A Division Bench of the Hon'ble Delhi High Court (hereinafter referred to as the "HC") in its recent judgment delivered on October 17, 2017, in a matter titled as "Dayawati vs. Yogesh Kumar Gosain", passed in a Criminal Reference No. 1 of 2016, has laid down the law relating to the legal permissibility of referring a complaint case under Section 138 of NI Act for amicable settlement through mediation, procedure to be followed upon settlement and the legal implications of breach of the mediation settlement. The HC has held that it is legal to refer a criminal compoundable case as one under Section 138 of the NI Act to mediation.

Reference to HC:

A Metropolitan Magistrate of the Ld. Tis Hazari Court (hereinafter referred to as the "MM") while hearing a Complaint Case Nos. 519662/64 of 2016 under Section 138 of the NI Act referred the following questions for the consideration of the HC:

  1. What is the legality of referral of a criminal compoundable case (such as one under Section 138 of NI Act) to mediation?
  1. Can the Mediation and Conciliation Rules, 2004 formulated in exercise of powers under the CPC, be imported and applied in criminal cases?  If not, how to fill the legal vacuum?  Is there a need for separate rules framed in this regard [possibly u/s 477 of the Code of Criminal Procedure (hereinafter referred as "CrPC")]?
  1. In cases where the dispute has already been referred to mediation – what is the procedure to be followed thereafter? Is the matter to be disposed of taking the very mediated settlement agreement to be evidence of compounding of the case and dispose of the case, or the same is to be kept pending, awaiting compliance thereof (for example, when the payments are spread over a long period of time, as is usually the case in such settlement agreements)?
  1. If the settlement in Mediation is not complied with – is the court required to proceed with the case for a trial on merits, or hold such a settlement agreement to be executable as a decree?
  1. If the Mediated Settlement Agreement, by itself, is taken to be tantamount to a decree, then, how the same is to be executed? Is the complainant to be relegated to file an application for execution in a civil court? If yes, what should be the appropriate orders with respect to the criminal complaint case at hand? What would be the effect of such a mediated settlement vis-à-vis the complaint case?

Factual Matrix

Smt. Dayawati (hereinafter referred to as the "Complainant") filed a complaint under Section 138 of the NI Act, complaining that Shri Yogesh Kumar Gosain (hereinafter referred as the "Respondent") had a liability of INR 55,99,600/- towards her as on 7th April, 2013 as recorded in a regular ledger account for supply of fire-fighting goods and equipment to the Respondent on different dates and different quantities. In part discharge of this liability, the Respondent was stated to have issued two account payee cheques in favour of the Complainant of INR 11,00,000/-  and INR 16,00,000/-.  Unfortunately, these two cheques were dishonored by the Respondent's bank on presentation on account of "insufficiency of funds".

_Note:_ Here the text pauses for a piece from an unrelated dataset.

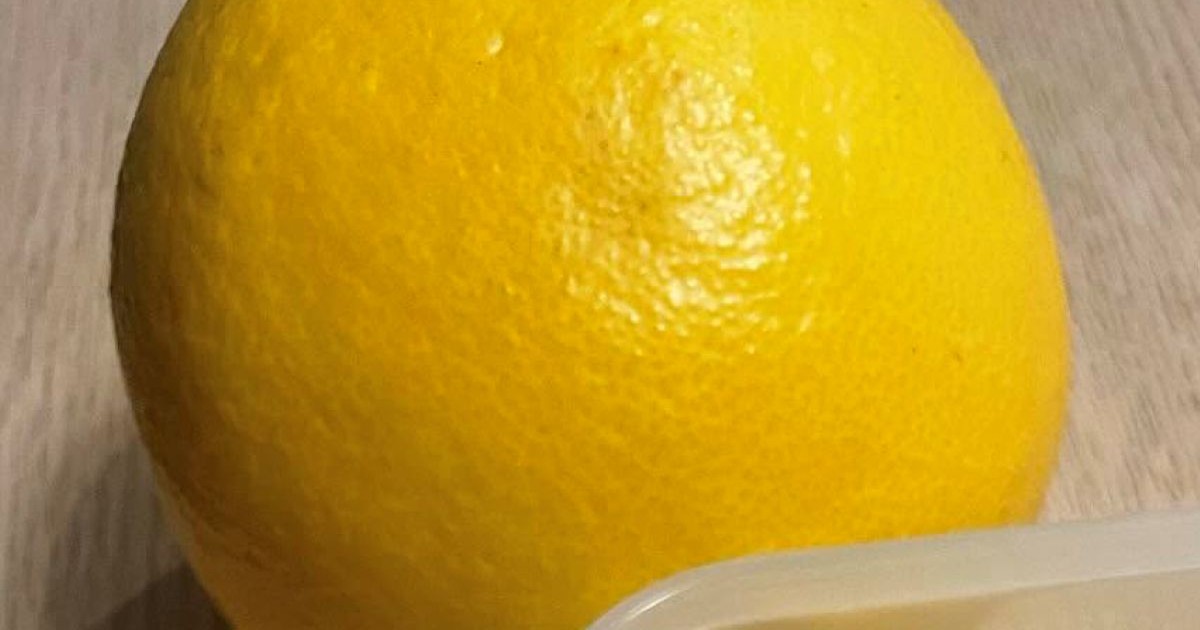 ←夫がむいた文旦 私がむいた文旦→　「え？」仕上がりの違いに「皮むき職人ですか？」「物が違うとしか思えない」（1/2） | ライフスタイル ねとらぼ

As a result, the Complainant was compelled to serve a legal notice of demand on the Respondent which, when went unheeded, led to the filing of two complaint cases under Section 138 of the NI Act. In these proceedings, both parties had expressed the intention to amicably settle their disputes. Consequently, the matter was referred for mediation to the Delhi High Court Mediation and Conciliation Centre (hereinafter referred to as "DHCMCC"). After negotiations at the DHCMCC, the parties settled their disputes under a Common Settlement Agreement under which the accused agreed to pay a total sum of INR 55,54,600/- to the Complainant as full and final settlement amount in installments with regard to which a mutually agreed payment schedule was drawn up.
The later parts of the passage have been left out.